Non entriamo nel merito dei tratti caratteriali cui si accenna all’inizio e alla fine del trafiletto: non sorride mai; sogguarda; voce monocorde, forse un po’ adolescenziale; viso imperturbabile. Noblesse oblige per quanto attiene alle buone maniere; il filosofo è invece votato all’imperturbabilità, se no che filosofo è?
Ma andiamo alla polpa, e cominciamo con l’euro.
Che questa moneta abbia ridotto del 30-40% il potere di acquisto degli Italiani, è cosa ben nota: ciò che un lavoratore dipendente acquistava con due milioni di lire superava di molto ciò che oggi acquista con 1.000 euro. Ciò che agli avversari dell’euro sfugge è però il fatto che, in questi quindici anni, tutti coloro che sono andati in pensione hanno messo in banca il tfr, a cui alla bisogna attingono per mantenere se stessi e, spesso, figli e nipoti. Se si esce dall’euro, quanto varrà il tfr depositato in banca al momento del pensionamento? E quante sono attualmente le persone interessate a ciò? L’Istat dice: oltre 16 milioni. Il prof. Fusaro avrà di sicuro un adeguamento del suo stipendio e venderà i libri a un prezzo più alto, ma cosa dirà a questi 16 milioni di pensionati?

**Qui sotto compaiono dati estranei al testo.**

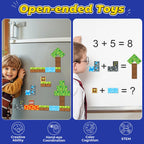 100PCS Magnetic Blocks -Build Mine Magnet World Forest & Lava Set, Magnet Building Toys for Kids Ages 5-7, STEM Sensory Toddler Toys for 3+ Year Old Boys & Girls, Creativity Birthday Gifts for Child
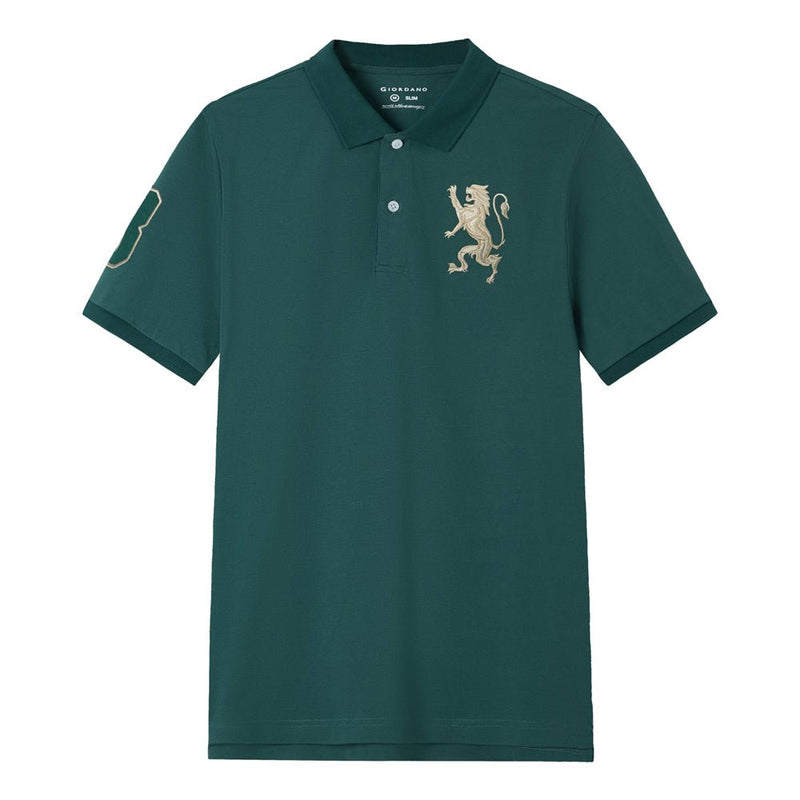 Giordano Men’s Slim Fit 3D Lion Embroidery Lycra Pique Polo - first_variant_option_2 Premium Polo for Giordano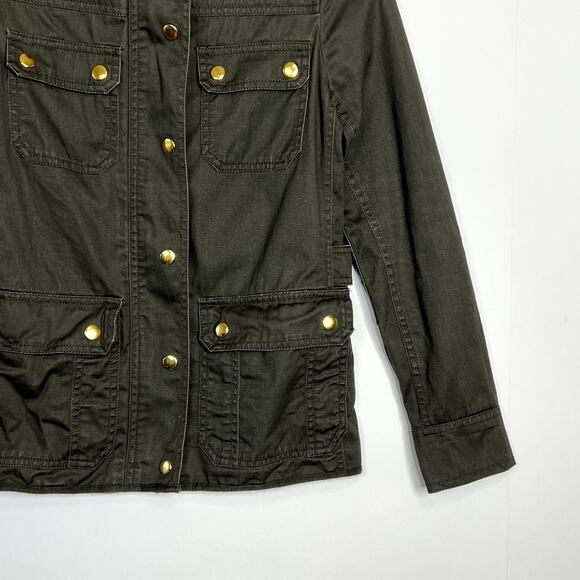J. Crew Relaxed Boyfriend Field Jacket Green Womens XXS Military Style Cotton - Picture 7 of 12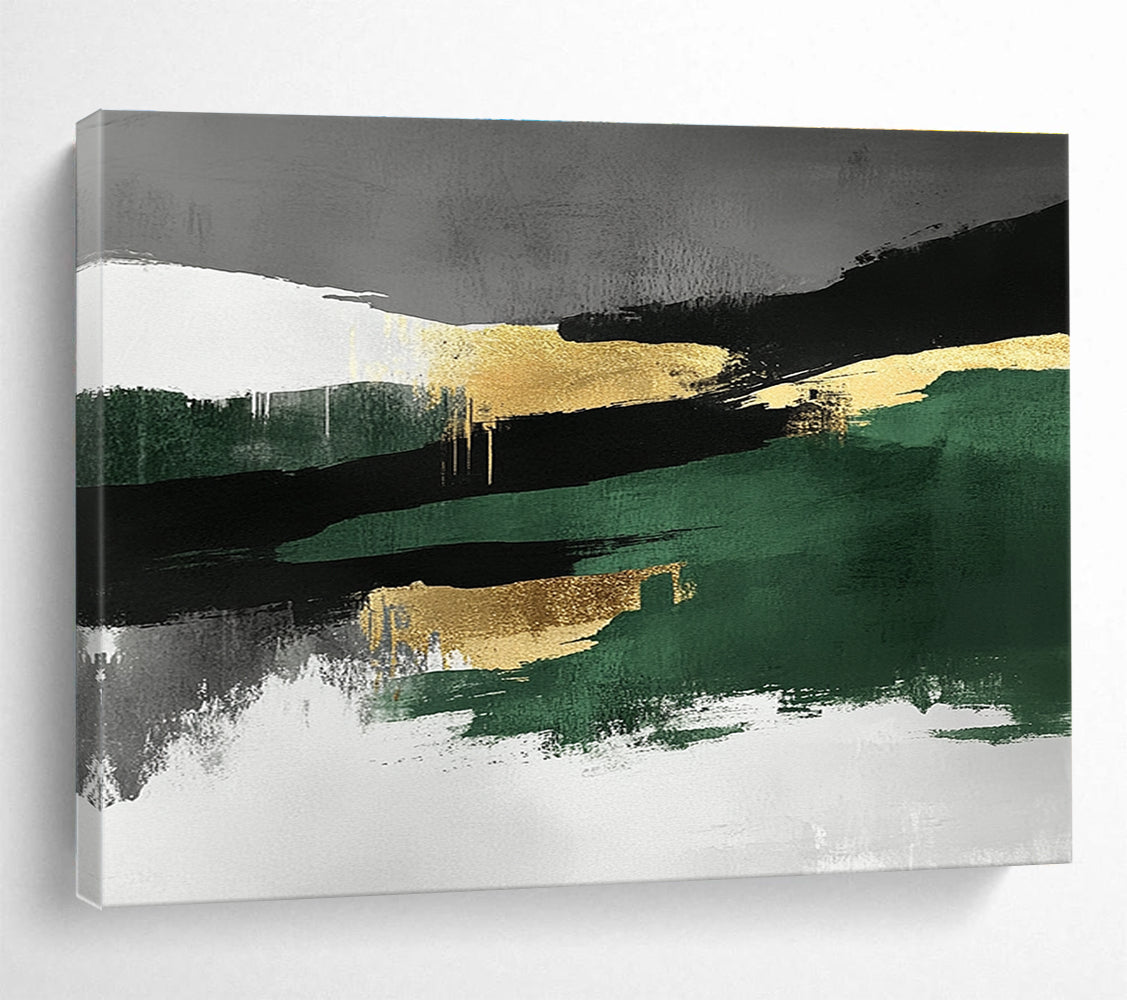 Green - Gold Abstract Landscape Fusion Painting ABS211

Sull’aristocrazia bancaria, non ci piove: non fanno profitti ma rendite parassitarie. Però non mi si venga a dire che gli imprenditori sono danneggiati dalla globalizzazione e dalla finanziarizzazione dell’economia nella stessa misura dei lavoratori dipendenti. E’ questa una strada pericolosa, che annulla la lotta di classe. Questa comunanza di interessi fra impresa e lavoro – ricordo e sottolineo - trovò una forte simbolizzazione nel ‘fascio’. E dei chiari segni di avvicinamento ideale col fascio e la svastica li ritrovo anche nell’uso improvvido dei termini ‘apolidi’ e ‘aristocrazia bancaria’. Quest’ultima chiaramente esiste, ma il termine a me richiama alla memoria anche gli attacchi del Duce alla ‘plutocrazia’. L’avversione all’uso di termini provenienti da altre lingue poi, ricucita con quanto finora detto, conduce direttamente a una ideologia nazionalistica.

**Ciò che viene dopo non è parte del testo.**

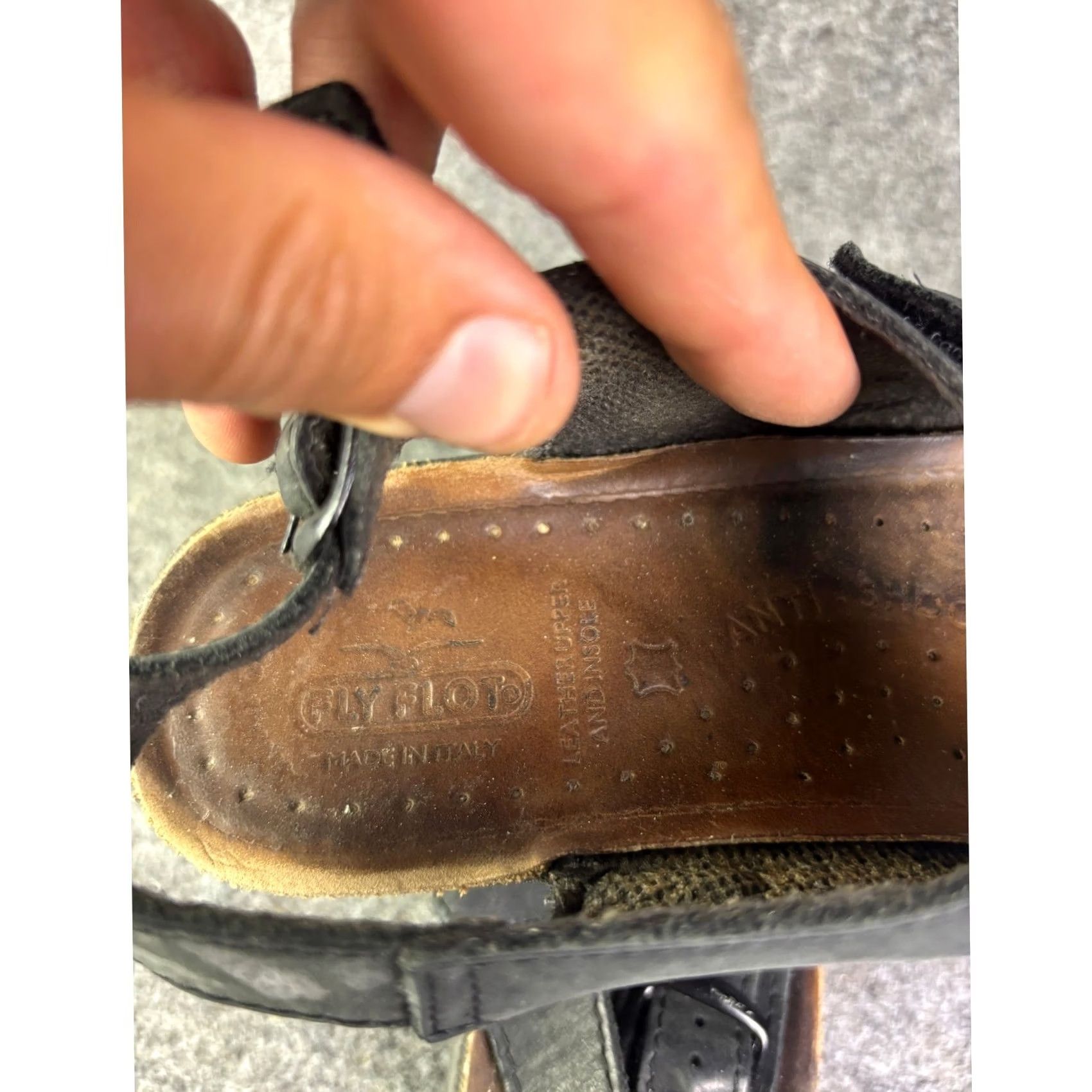 Vintage Fly Flot Sandals Womens 40 Black Leather Slingback Wedge Italy Size US 10 / IT 40 - 6 Thumbnail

Nella sostanza, possiamo anche essere abbastanza d’accordo con alcune tesi contenute nei libri, gli articoli, i post e i video del prof. Fusaro; per esempio, quando inserisce la delocalizzazione e l’emigrazione nel quadro concettuale marxiano dell’ “esercito industriale di riserva”, sul quale forse prima di lui mi ero già espresso. Le strade divergono quando tante verità si trasformano in sistema, e in questo sistema si avverte il richiamo a quella politica che portò ai conflitti del Novecento. Questo pericolo si fa ancora più concreto quando, pur partendo da un impianto filosofico marxiano, si finisce per raccogliere il plauso della Lega Nord, dei ‘Fratelli d’Italia’ e di CasaPound.

* Nota del 30 giugno 2017

Questo articolo, anche se pubblicato oggi, è stato scritto circa quindici giorni fa e poi lasciato nel cassetto a… marinare. E’ una cosa che faccio spesso, quando l’intervento mi sembra più impegnativo.
Nel frattempo ho avuto modo di leggere i primi due capitoli del suo più recente lavoro “Pensare altrimenti. Filosofia del dissenso”. Immagino che anche nei capitoli successivi siano trattate tutte le tesi di cui negli ultimi mesi Fusaro parla ampiamente sui media. Ma devo dire che qui il linguaggio mi sembra più scorrevole e meno ripetitivo; sotto l’aspetto della comunicazione vedo dei bei progressi.
Auspico che d’ora in avanti eviti però di usare termini come ‘deterritorializzazione’ che, se non faccio fatica a comprendere, faccio fatica a pronunciare, anche se non sono fortemente dislessico. Beninteso, la parola esiste, l’hanno usata persone di un certo calibro, come Gilles Deleuze, e si trova normalmente nei dizionari aggiornati. Ma Deleuze - che Fusaro fra l'altro nel 2012 bolla severamente quale 'pensatore antiborghese e ultracapitalistico' - la usa nei testi destinati agli accademici, mentre credo che, per un filosofo che ‘entra nel campo della politica’ attraverso i giornali, in tv e sui socialnetwork, vada meglio l’espressione ‘privazione di radicamento territoriale’ o ‘sradicamento territoriale’ o altro ancora. Molto meglio! A tradurre si fa un po’ di fatica, ma è più facile essere compresi e seguiti con piacere.
Auspico anche un’altra cosa. Che Fusaro su facebook posti di meno e risponda almeno a quei commenti che, a suo insindacabile giudizio, ritiene degni di risposta. Possibile che non ce ne siano? Temo che il ‘filosofo del dissenso’ mal tolleri chi, sia pur di poco, dissente da lui.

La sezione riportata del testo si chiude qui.